**Task instructions:**
If a line of the material contains "original", copy it.

**The data:**
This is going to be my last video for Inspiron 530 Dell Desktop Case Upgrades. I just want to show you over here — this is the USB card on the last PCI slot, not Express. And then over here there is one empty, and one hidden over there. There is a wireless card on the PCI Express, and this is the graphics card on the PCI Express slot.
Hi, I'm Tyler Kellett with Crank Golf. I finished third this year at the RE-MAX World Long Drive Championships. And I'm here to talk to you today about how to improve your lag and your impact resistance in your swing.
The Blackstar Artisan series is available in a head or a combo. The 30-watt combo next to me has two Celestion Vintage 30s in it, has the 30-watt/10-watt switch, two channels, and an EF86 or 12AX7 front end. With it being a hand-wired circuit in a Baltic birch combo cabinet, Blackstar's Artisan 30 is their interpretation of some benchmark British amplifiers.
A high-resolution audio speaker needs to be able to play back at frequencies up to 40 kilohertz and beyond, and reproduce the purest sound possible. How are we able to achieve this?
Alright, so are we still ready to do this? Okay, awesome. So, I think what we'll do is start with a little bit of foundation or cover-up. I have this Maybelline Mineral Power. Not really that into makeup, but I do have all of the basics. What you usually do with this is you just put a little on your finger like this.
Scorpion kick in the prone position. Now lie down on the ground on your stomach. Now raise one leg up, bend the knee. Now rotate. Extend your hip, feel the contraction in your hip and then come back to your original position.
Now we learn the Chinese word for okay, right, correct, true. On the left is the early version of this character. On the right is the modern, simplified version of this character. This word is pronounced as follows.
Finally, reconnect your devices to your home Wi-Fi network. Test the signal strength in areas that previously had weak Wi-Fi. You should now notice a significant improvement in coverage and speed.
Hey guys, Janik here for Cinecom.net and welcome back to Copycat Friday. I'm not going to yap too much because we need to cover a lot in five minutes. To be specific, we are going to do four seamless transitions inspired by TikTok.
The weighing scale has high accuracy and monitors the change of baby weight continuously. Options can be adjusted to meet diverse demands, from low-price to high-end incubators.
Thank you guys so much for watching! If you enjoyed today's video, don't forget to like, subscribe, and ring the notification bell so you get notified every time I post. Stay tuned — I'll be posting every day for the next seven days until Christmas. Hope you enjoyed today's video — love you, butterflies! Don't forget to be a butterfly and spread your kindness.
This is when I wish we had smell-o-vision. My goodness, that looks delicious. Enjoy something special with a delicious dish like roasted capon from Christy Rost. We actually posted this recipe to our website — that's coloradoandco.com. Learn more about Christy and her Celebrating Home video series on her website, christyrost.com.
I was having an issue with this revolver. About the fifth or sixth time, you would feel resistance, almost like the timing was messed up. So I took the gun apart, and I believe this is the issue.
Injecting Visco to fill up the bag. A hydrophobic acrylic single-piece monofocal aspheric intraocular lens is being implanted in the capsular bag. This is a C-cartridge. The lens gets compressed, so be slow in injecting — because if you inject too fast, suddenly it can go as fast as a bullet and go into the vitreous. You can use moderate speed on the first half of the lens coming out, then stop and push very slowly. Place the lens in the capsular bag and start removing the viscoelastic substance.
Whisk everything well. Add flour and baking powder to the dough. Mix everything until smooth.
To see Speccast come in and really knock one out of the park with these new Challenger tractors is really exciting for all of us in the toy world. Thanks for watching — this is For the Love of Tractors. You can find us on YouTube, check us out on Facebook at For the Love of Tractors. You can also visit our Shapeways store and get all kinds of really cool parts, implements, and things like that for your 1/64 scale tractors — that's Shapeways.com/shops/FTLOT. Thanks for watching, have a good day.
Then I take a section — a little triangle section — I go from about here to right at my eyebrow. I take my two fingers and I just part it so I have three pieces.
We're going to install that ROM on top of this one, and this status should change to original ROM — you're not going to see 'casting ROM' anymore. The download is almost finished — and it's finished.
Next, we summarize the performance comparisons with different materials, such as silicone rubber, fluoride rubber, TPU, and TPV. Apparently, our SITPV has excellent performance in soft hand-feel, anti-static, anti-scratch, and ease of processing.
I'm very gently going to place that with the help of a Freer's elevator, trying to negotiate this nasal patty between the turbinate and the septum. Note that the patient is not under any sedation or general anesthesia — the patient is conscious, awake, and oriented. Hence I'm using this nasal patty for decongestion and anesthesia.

**Answer box:**
Scorpion kick in the prone position. Now lie down on the ground on your stomach. Now raise one leg up, bend the knee. Now rotate. Extend your hip, feel the contraction in your hip and then come back to your original position.
We're going to install that ROM on top of this one, and this status should change to original ROM — you're not going to see 'casting ROM' anymore. The download is almost finished — and it's finished.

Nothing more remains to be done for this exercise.